What is expected: Beginning at the line that contains "Multipack 3x Calex", reproduce the entries below exactly, ending with the line that contains "Mehendi Threadwork Net". Omit each picture.

Supplied entries:
::::

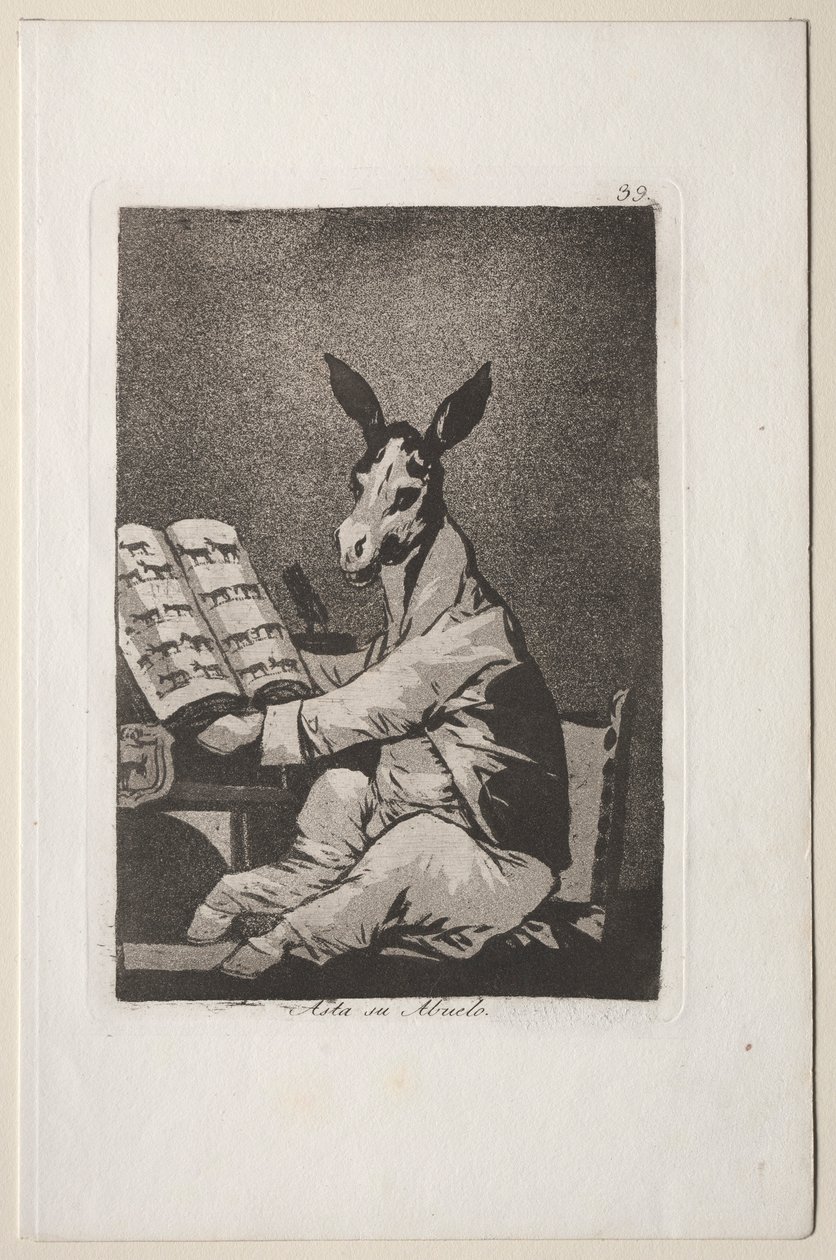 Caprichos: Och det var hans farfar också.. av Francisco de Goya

::::

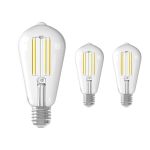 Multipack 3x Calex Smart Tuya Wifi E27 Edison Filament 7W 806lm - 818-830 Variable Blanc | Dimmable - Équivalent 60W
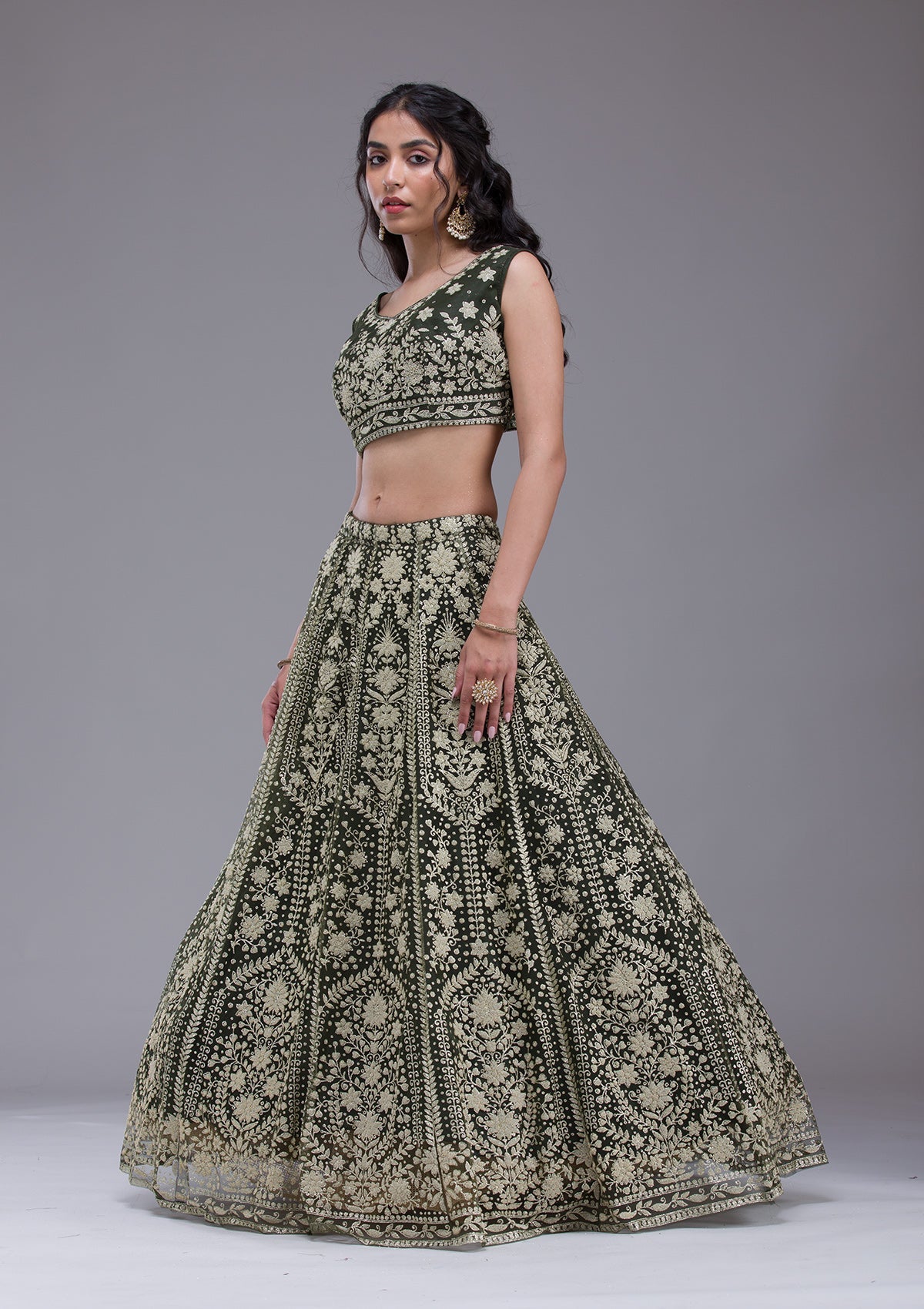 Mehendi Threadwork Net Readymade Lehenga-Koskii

::::

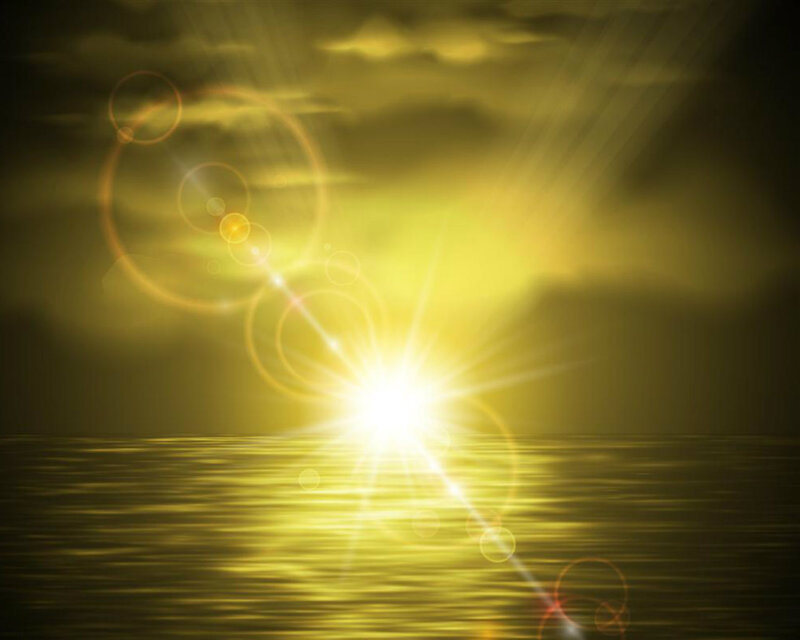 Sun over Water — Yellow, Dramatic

::::

Solution for this task:
 Multipack 3x Calex Smart Tuya Wifi E27 Edison Filament 7W 806lm - 818-830 Variable Blanc | Dimmable - Équivalent 60W
 Mehendi Threadwork Net Readymade Lehenga-Koskii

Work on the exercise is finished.